Pour Oman, l’objectif est clair: franchir l’étape des préliminaires et entrer dans la phase de groupes, après une série de résultats difficiles. Pour la Somalie, l’enjeu est d’inscrire une performance marquante et de nourrir l’espoir d’un premier vrai coup d’éclat dans une compétition régionale.
Préparatifs et effectifs
Les deux équipes se sont préparées par un camp d’entraînement la semaine dernière, avec des fortunes diverses lors des matches amicaux. Oman a connu une préparation avec une victoire 2-0 face au Soudan avant de s’incliner 0-2 contre la Côte d’Ivoire dans un autre rendez-vous de préparation.
Le sélectionneur Carlos Queiroz et les cadres soulignent le sérieux de la préparation et l’importance de ce rendez-vous pour franchir le premier cap. De son côté, la Somalie met l’accent sur les progrès réalisés et la progression de son collectif en vue de ce duel décisif.
Le onze probable de l’Oman fait appel à Ibrahim Al-Mukhaini au Gand, une défense composée de Mahmoud Al-Mushirfi, Ahmed Al-Khameesi, Thani Al-Rashidi et Yousif Al-Maliki, puis un milieu contrôlé par Nasser Al-Rawahi, Musab Al-Maamri et Harb Al-Saadi, avec une ligne d’attaque formée de Jamil Al-Yahmadi, Essam Al-Sobhi et Mohammed Al-Jaafari. La Somalie aligne quant à elle Saeed Al-Lili dans les cages, une défense composée d Abdullah Abdulawi, Ahmed Abdullahi, Ali Mohammed et Mahmoud Ali, puis un milieu porté par Abdulrahman Sharif, Mohammed Omar et Sernad Abdullahi, et une triplette offensive avec Ali Musa, Yusuf Ali et Zakaria Hassan.
Plusieurs joueurs importants pour Oman seront absents ou incertains en raison de blessures ou de contraintes liées au calendrier FIFA, ce qui peut influencer les choix et le déroulement du match.
Une mue et une mèche ardentes: le duel du passé et l’enjeu
Les deux nations se connaissent: Oman s’était imposé 2-1 lors d’un barrage pour la Coupe arabe 2021 joué à Doha, au stade Jassim bin Hamad. L’envie de revanche s’inscrit dans la préparation somalienne qui voit dans ce duel une opportunité d’exprimer une vraie progression et de viser une performance historique en phase de groupes.

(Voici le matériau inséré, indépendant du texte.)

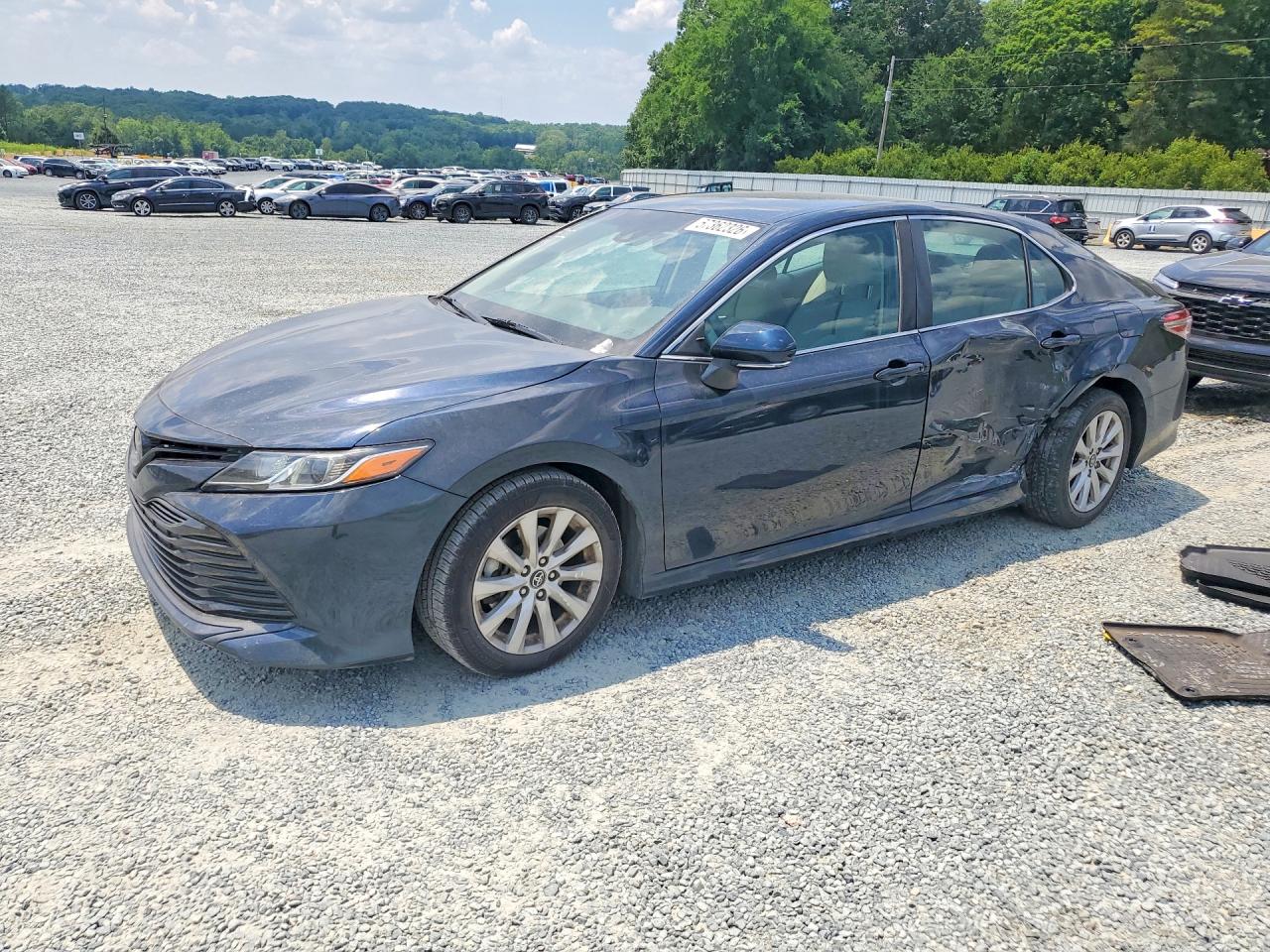 2018 TOYOTA CAMRY LE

Le jour du match est attendu avec un fort soutien populaire en raison des enjeux et de l’aura de la Coupe arabe. Le vainqueur gagnera une place déterminante dans le groupe et pourrait influencer le reste de la compétition dans le groupe B.
À l’issue des dernières sorties, Queiroz affirme que l’équipe a progressé et que l’objectif est clair: franchir l’étape et atteindre les poules. Du côté somalien, les joueurs évoquent leur détermination et leur envie d’en découdre face à une adversaire réputé solide.

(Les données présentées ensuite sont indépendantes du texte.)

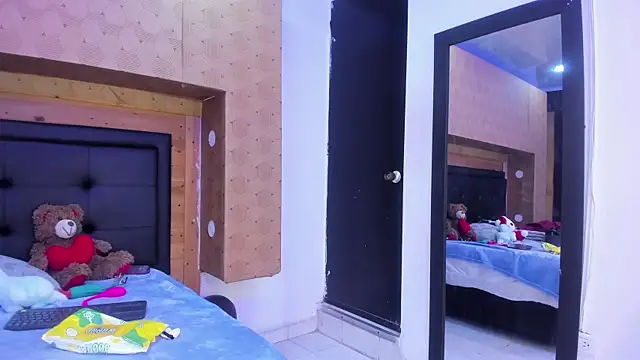 Snapshot of Samantha_Blaze1 chatting on March 2026 11:05:01 AM Samantha Blaze1 online show from March 2026 11:05:01 AM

Le duel est aussi décrit comme une rencontre à “valeur ajoutée” car elle offre la possibilité d’un premier vrai succès en compétitions officielles pour la Somalie et de consolider les bases pour Oman dans une Coupe arabe qui demeure un tournoi crucial pour la région.
Du côté des compositions probables, les deux équipes seront sous pression, et chaque erreurs pourrait coûter cher dans ce match à enjeu. Le duel est aussi vu comme une occasion de démonstration pour les jeunes et de démontrer la progression des entraineurs et de leurs staffs respectifs.
Et enfin, c’est bien plus qu’un simple affrontement: c’est une rencontre à caractère revenche, surtout pour la Somalie qui espère effacer les déceptions passées et écrire une nouvelle page de son histoire footballistique à Doha.
Punchline 1: Si Oman vise juste, le filet ne fera pas de pause — c’est ici que les snipers du terrain apprennent à viser le cœur du but.
Punchline 2: Dans ce duel, la précision n’est pas optionnelle: elle est indispensable, car en football comme en photographie, c’est le cadre qui fait le moment, et les filets qui restent.